Rise of the Planet of the Apes



(2011; directed by Rupert Wyatt)


As I said yesterday, I hate this movie. Mindless Hollywoodity, apparently written by people with no experience of science, of animals, or, for that matter, of humans. Each character is built from simplistic motives, the kind encountered frequently on TV, but rarely in life. Good guys and bad guys. The story serves the CGI, rather than the reverse. They should have replaced James Franco with asparagus. Same performance, though the asparagus would have provided more nutrition at lower cost. (I liked John Lithgow, though; his acting felt like an organic intrusion into this plastic world.) 


Of course the movie made me think of Conquest of the Planet of the Apes, of which it's a remake. I don't love that movie either; it, too, is simplistic, each character defined more by his function than by any underlying reality. Yet Conquest remains a more nearly authentic movie, because it's so clearly about racism and riots in the US. It shows us slaves, many of them with black faces, literally cast off their shackles. White fascists in riot gear try to gun them down. Our culture has a long history of perverting Darwin’s ideas to show black people as subhuman primitives. Conquest turns that racist stereotype on its head. It makes the slaves literally apes, but also shows them as more intelligent and compassionate than their masters. In the end, the slaves take over. In 1972, white America would have taken that as a threat.  I believe that's part of the reason the studio eviscerated the film, taking the shock out of its violence and maybe the sting out of its subtext. Even in the gutted form we have, the movie is about something real. 





I didn't see such a core in Rise.
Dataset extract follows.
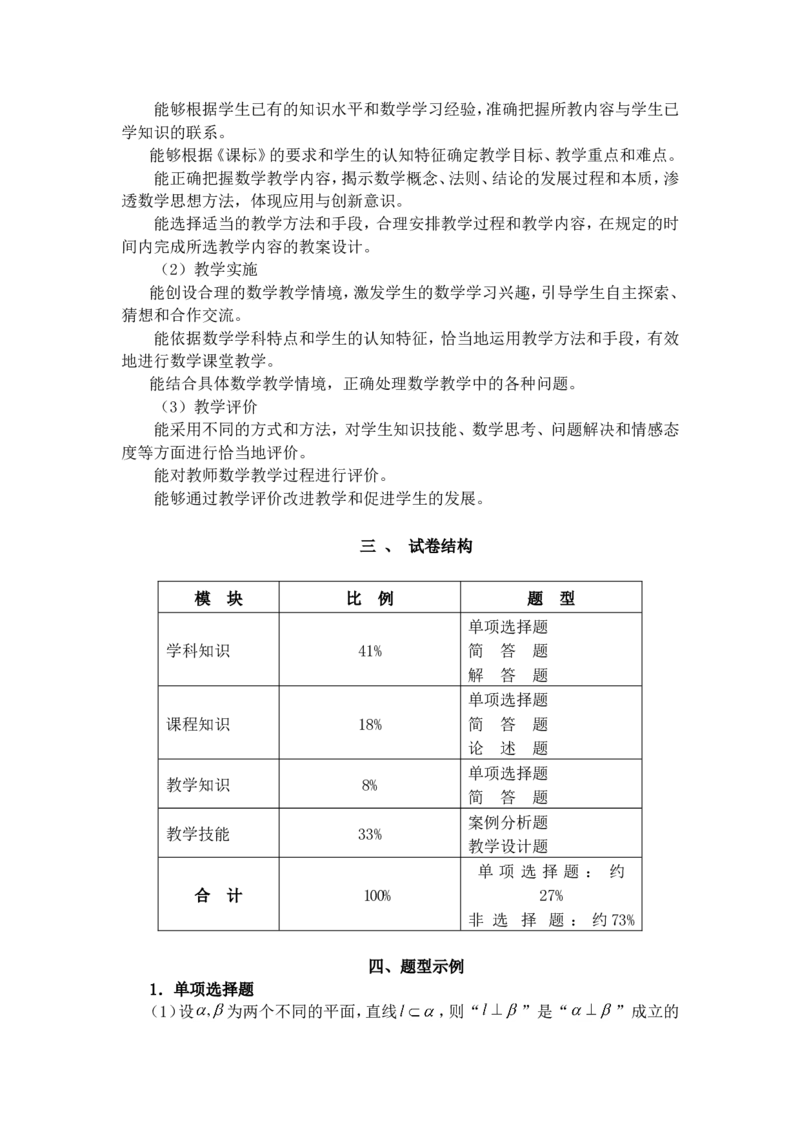 《数学学科知识与教学能力》（初级中学）_中小学教师资格考试资料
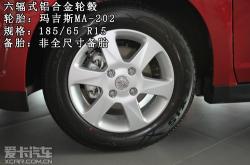 赤峰轮胎厂电话号码多少号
At the heart of Rise, I saw nothing. 


It seems telling that the movie makes so many references to its predecessors. IMDB lists 24 examples of names and such taken from the 1968 original and its successors. These have the unfortunate effect of keeping the superior original always in my mind. I’m amazed it didn’t have the effect of making the screenwriters more ambitious. Planet of the Apes was a rich slice of thought, drawing on the speculations of Einstein, the cultural history of evolution, the science of the ancient Greeks, and more. But this is what I mean by Hollywoodity: Rise draws names and images from its sources without bringing in the related ideas. It’s a mash-up, not a story. The creators have seen better works; they just haven’t understood them. 
  
In my view, none of the sequels and remakes is worthy of the 1968 movie. But that’s a rant for another day.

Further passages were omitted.